As rural upstate school board presidents we take exception with some of his assertions. We acknowledge that New York State is in the worst economic situation that we have seen for over 80 years. We, as school boards, do not disagree with the need for reform or the need to reduce expenses, but the governor and our elected officials in Albany have not heeded our recommendations for reform for decades. We have asked for mandate relief, capping the contribution by the districts for retirement, capping the health care contributions, and freeing us from the constraints of collective bargaining, but they have been unwilling to assist us in these endeavors.

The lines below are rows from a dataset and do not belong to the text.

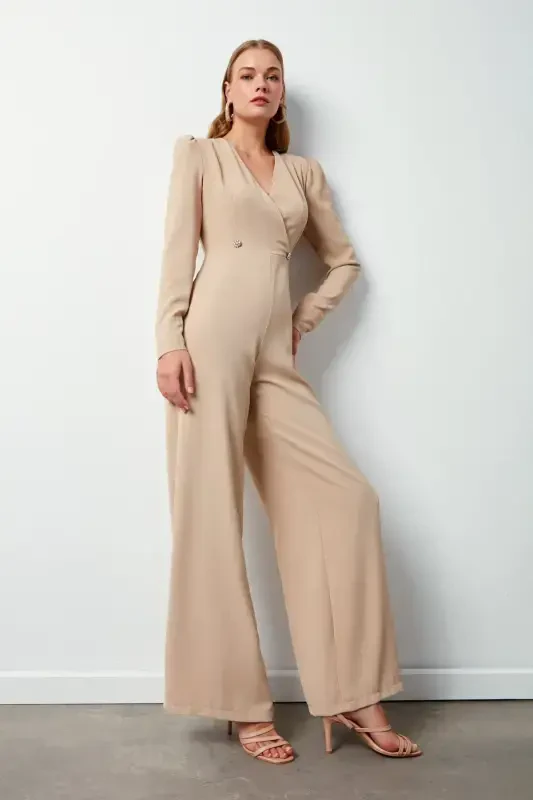 Criss-cross Embellished Crepe Jumpsuit - Beige-BEIGE - SATEEN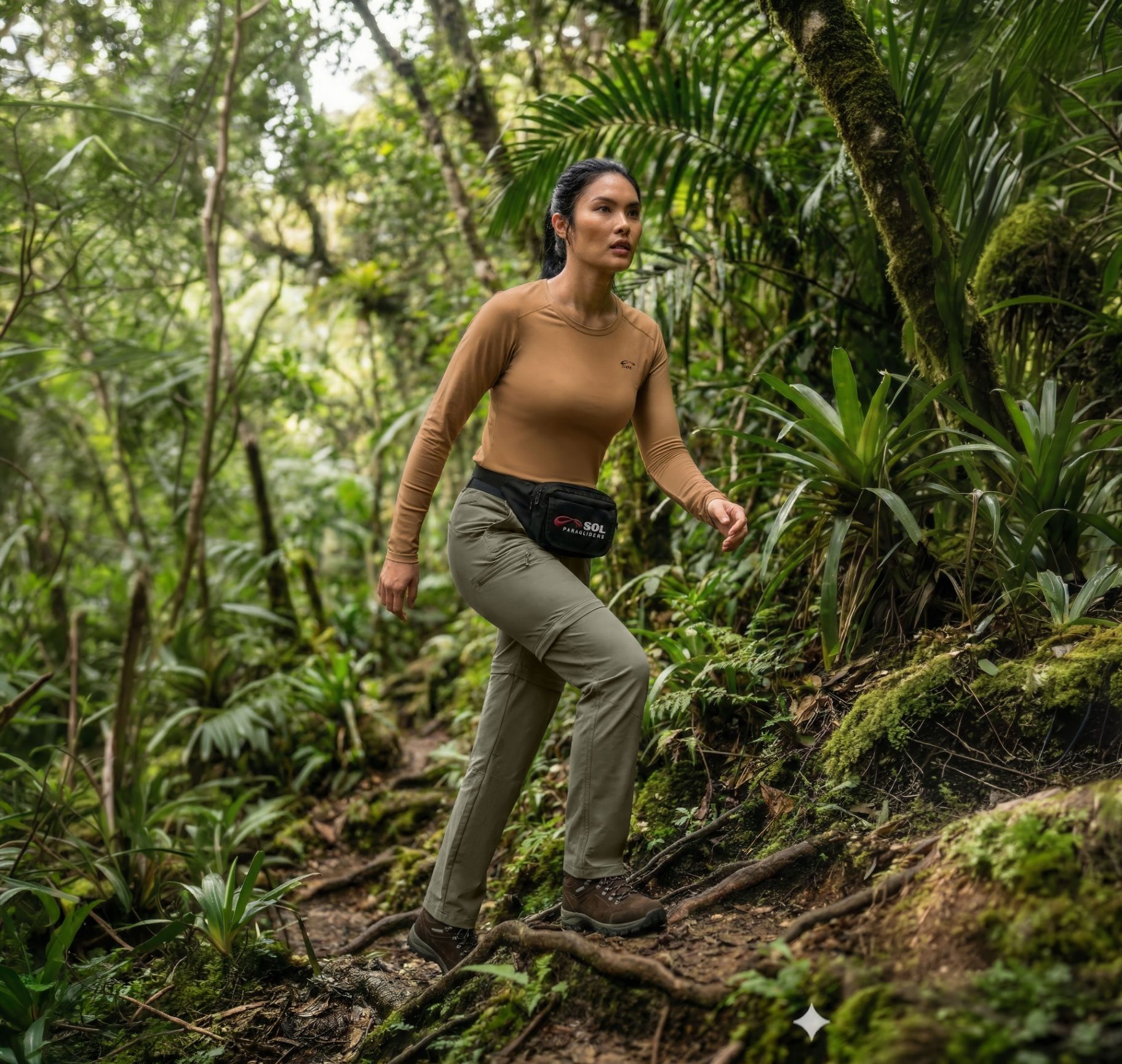 Mulher em trilha na mata atlântica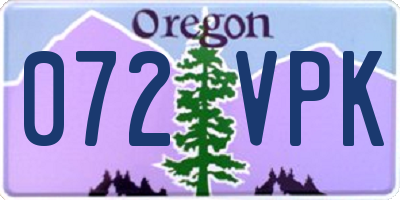OR license plate 072VPK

The Governor announced in February that he was cutting education statewide by 7 percent. His 7 percent is actually an average for the entire state, not a true 7 percent cut for each school district. A number of upstate districts are facing losses of $1,300-1,900 per student in state aid, while some downstate districts are losing $600-1,000 per student. For our rural, small-city, and low- wealth districts we are looking for a more equitable distribution of state aid.
The other topic regarding education that the governor is advocating for deals with superintendent salaries. He suggests that public school superintendents are over-paid. While at least one superintendent has a salary approaching $400,000 and others are over $300,000, they are few in number and are not found in this area of the state. The savings from a superintendent salary cap for our districts would not solve the losses proposed for our cuts in state aid. Also, the governor noted low graduation rates as an indication of wasteful spending; actuall,y in our region, the graduation rates approach 95-100 percent.
We need to stay on task and not allow the governor’s diversionary tactics to distract us from the issues that impact an equitable education for our children. The issues are equitable distribution of state aid, mandate relief and adequate funding of public education. We cannot create an educated citizenry by de-funding education.